Graziers Vs Cultivators: Clash for ‘Settlements’ in the Brahmaputra Valley, Assam
The present Northeast of India, more precisely the Brahmaputra valley, saw a rapid transformation in the economy with the onset of colonial rule in the early 19th Century Establishment of trade relations-both internal and external- brought the region and its resources into the eyes of the colonial administration. Resource mobilization using unlimited resource exploration soon became the key concern of the colonial regime. But a major problem was the sparse local population with very limited trade and commerce knowledge. In such a setting agriculture was not very helpful in meeting the ever-rising economic requirements which accentuated the need to give a strong incentive to migration, especially from drought-ridden populated regions of India and its neighbourhood. Amongst the early colonial migrants to Assam were the Nepalis who were recruited in large numbers into the colonial military setup. Strangely however even after a century of Nepali migration, the number of Nepali migrants into Assam stood at a mere 90, 000 to 100,000 (one lakh) as per the Census report of 1931. On the other hand, there was a far more rapid migration of landless cultivators from poverty-stricken East Bengal in the early 20th century. Soon the two migrant groups, separated by religious as well as cultural differences but most importantly economic differences soon got embroiled in conflict driven by the increasing requirement for resources. Most of these Nepali migrants after retiring from colonial services settled down in the valley as dairy farmers and cattle grazers. While on the other hand, the mushrooming farm cultivators from East Bengal settled on every vacant piece of land that was not taken. They even intruded into the forest reserves, tribal blocks, and professional grazing reserves. The situation became more serious during the heady days of communal polarization preceding the partition of India.

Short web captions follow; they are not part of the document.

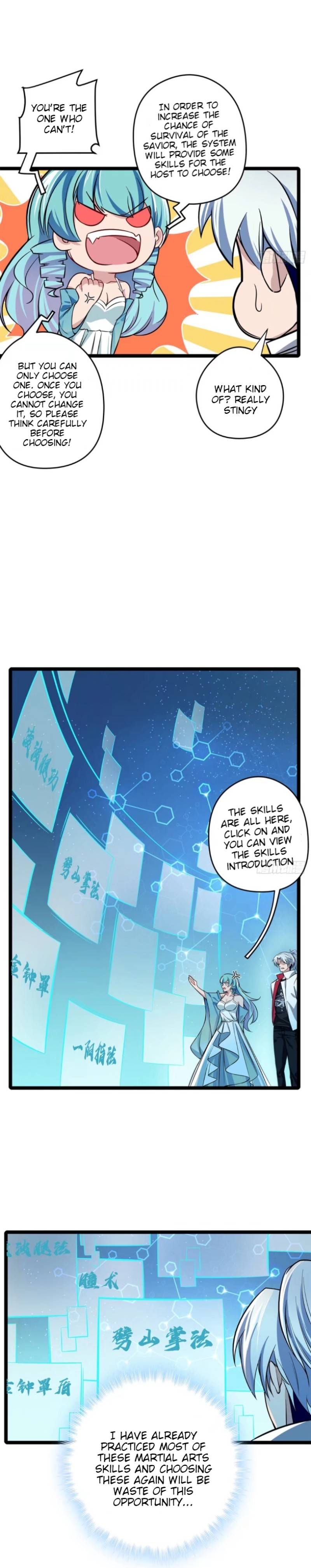 Chapter 1 - Image 17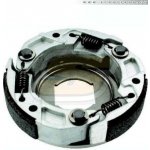 RMS 100360010 – Hledejceny.cz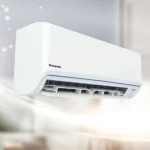 Solusi AC Panasonic Mati Sendiri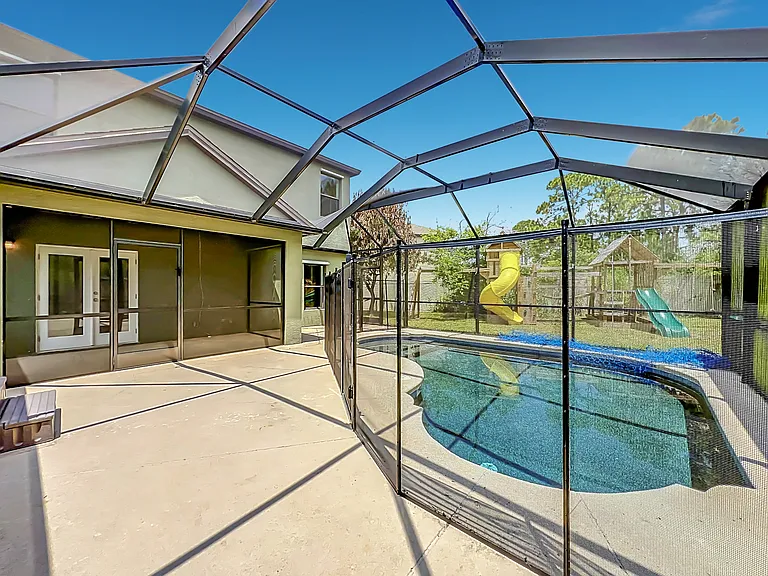 1288 Dillard Dr SE — Photo 35
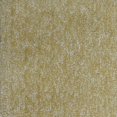 thumbnail image 4 of 10'x13' Yellow Heather Indoor Shag Rug, 4 of 4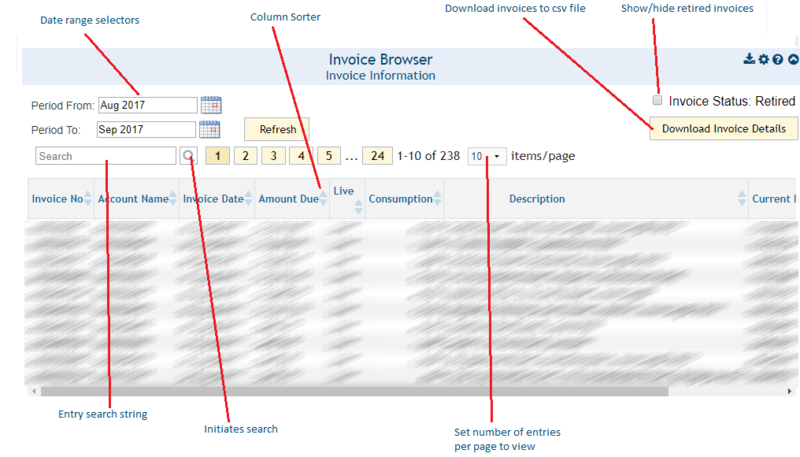 File:InvoiceBrowser.PNG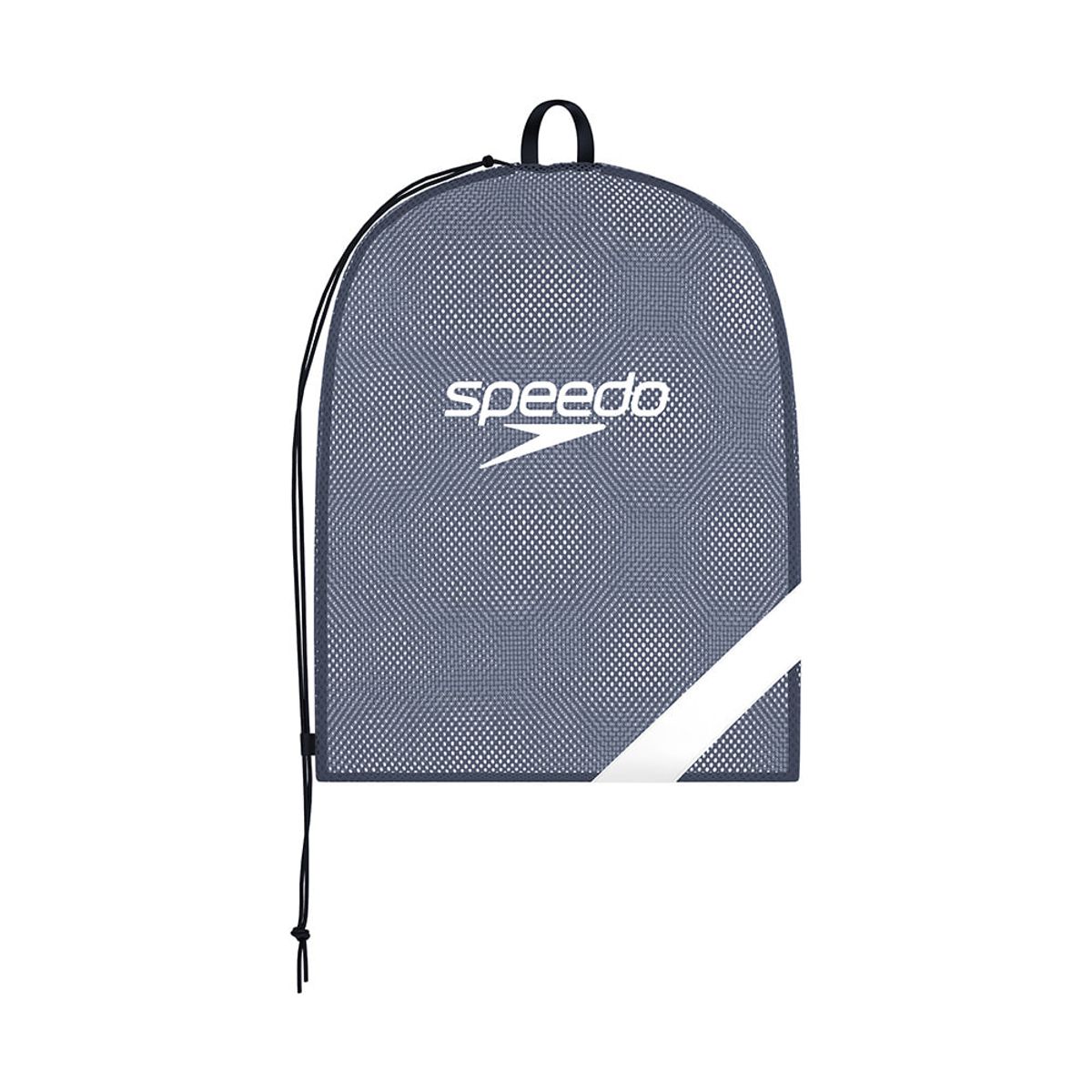 스피도(SPEEDO) 엑스엘 팀 메쉬백(8-E000213010)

The present work will try to present a brief history of the Nepali migration into the Brahmaputra valley during the colonial era, and analyse the circumstances leading to the outbreak of conflict between them and the east Bengali migrants during the 1940s. Also, the work will highlight the different stages of this conflict, the position taken by the Sadullah ministry and the Bordoloi ministry on this issue as well as the attitude of the colonial authorities on this vexed question affecting both the communities.
Keywords: East Bengalis, farm cultivators, Nepalis, grazing reserves, encroachment, eviction, Assamese, Brahmaputra valley, colonial, Gurkhas.